The Water Margin (1972)
THE WATER MARGIN is a lavish production that covers just a few chapters of the famous book. It spends the first 15 minutes introducing character after character, played by many of Shaw Brothers biggest stars, which had me worried the plot would be incomprehensible... thankfully, once introduced most of them disappear completely until the last 20 minutes!
The film focuses on a manageable subset of the 108 Outlaws of the Marsh, and a reasonably self-contained story that doesn't particularly require any knowledge of the preceding chapters. I fact it mainly focuses on the characters played by Tetsuro Tamba and David Chiang, who are not outlaws at the start of the film, so this is presumably where they were introduced.
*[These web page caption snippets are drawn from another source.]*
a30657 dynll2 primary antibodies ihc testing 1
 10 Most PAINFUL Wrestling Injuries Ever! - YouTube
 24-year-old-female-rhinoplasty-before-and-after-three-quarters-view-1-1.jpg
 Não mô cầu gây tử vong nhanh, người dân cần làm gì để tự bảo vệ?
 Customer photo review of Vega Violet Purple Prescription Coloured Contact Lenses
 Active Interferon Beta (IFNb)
Chang Cheh and collaborators seem to be aspiring to the grandeur of classic samurai films, but even with Shaw Brothers pulling out all the stops their resources can't quite stretch to the production values or gravitas of an Akira Kurosawa epic. They do deliver on entertainment though, and perhaps overachieve on gruesome deaths.
The film isn't particularly action-packed by Chang Cheh's standards, but there are several fights distriubuted throughout and it all builds to a suitably exciting climax with multiple duelling opponents. Four choreographers are credited, and they do good work resulting in quite varied styles being seen.
The 14th century novel The Water Margin, or Outlaws Of The Marsh, is considered to be one of the Four Great Classical Novels of China, and it was undoubtedly a big influence on depictions of the jiang hu in literature and cinema - though it is thought to be based on stories and oral traditions that had been circulating long before they were collected into a novel.
This was presumably intended to be the start of a long running series, with characters introduced here with the intention that they would appear in future entries. Indeed there is All Men Are Brothers which is another ensemble piece featuring several characters who are only seen in the introduction, and The Delightful Forest focused on Ti Lung's character.
I guess the studio didn't feel like they were getting a good return on the investment these epics required though, or Chang Cheh just got distracted by his Shaolin cycle, so it didn't blossom into the cinematic universe that it might have become.